|Sikkim is a land of perfect getaways, but its tourism potential remains undeveloped.|
"Connectivity to Sikkim is extremely poor and the roads take a severe beating during each monsoon."
Ravi Pradhan: Incredible Sikkim, forgettable infrastructure.
He has no compunctions about saying he quit government service after a short stint because he found it “a little stifling”. And, that too, when his father retired as the Chief Secretary of the Sikkim government after a long spell of government service.
“Actually he was in government service even during the King’s time, and after the merger of Sikkim with India in 1975, when he was the revenue secretary, was inducted into the IAS as a senior officer,” explains Ravi Pradhan, who runs a cosy little heritage hotel called Rhenock House in the Sikkim capital Gangtok.
He serves his guests with such professionalism and personal attention to details — whether it is to do with the crockery in the kitchen or the curtains in the rooms — that one would not imagine he has had such a chequered career.
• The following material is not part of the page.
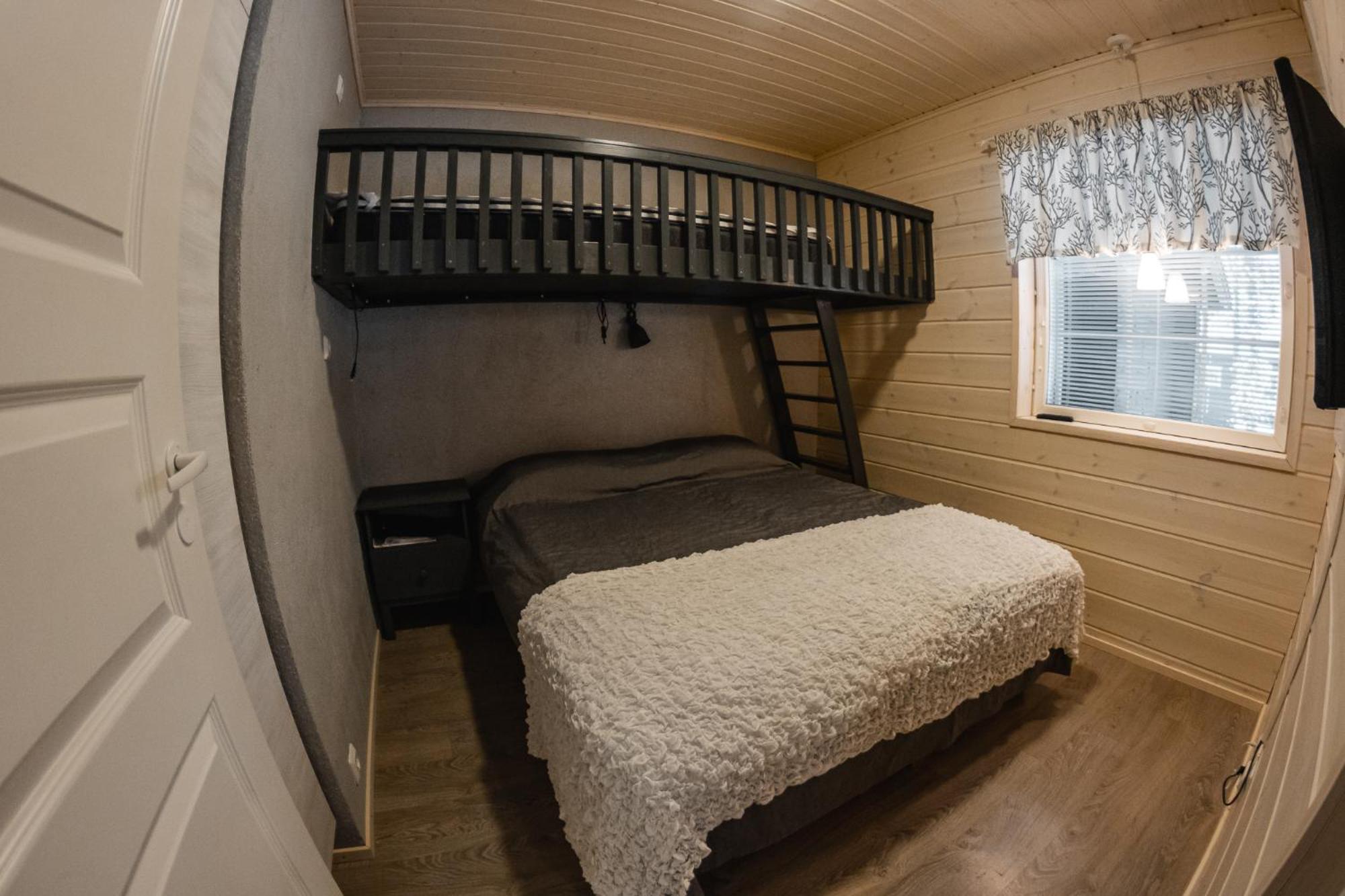 Hotel Yllaesrinne Ylläsjärvi Exteriör bild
Pradhan was born in Sikkim, did his schooling in Darjeeling, graduated in B.Com Honours from a Delhi college, and completed his MBA from a Kochi institution in 1983. He joined the ITC in Kolkata where he worked for eight months before returning to Sikkim and joining government service, where he didn’t last for long.
Even though not from a business background the young man decided to get into manufacturing as “there was a big euphoria in the mid-1980s about big industrial houses coming into Sikkim. Actually, the history of industry in Sikkim is quite sad.”
Pradhan explains how after “the merger with India many of the laws in Sikkim were different from the mainland; earlier the provisions of the Industrial Development and Regulation Act did not apply here.” To take advantage of excise exemptions many industries set up shop in Sikkim in tyres, cigarettes, cosmetics, etc. But it was only a matter of time before the laws for the rest of India became applicable here and the industrial activity waned.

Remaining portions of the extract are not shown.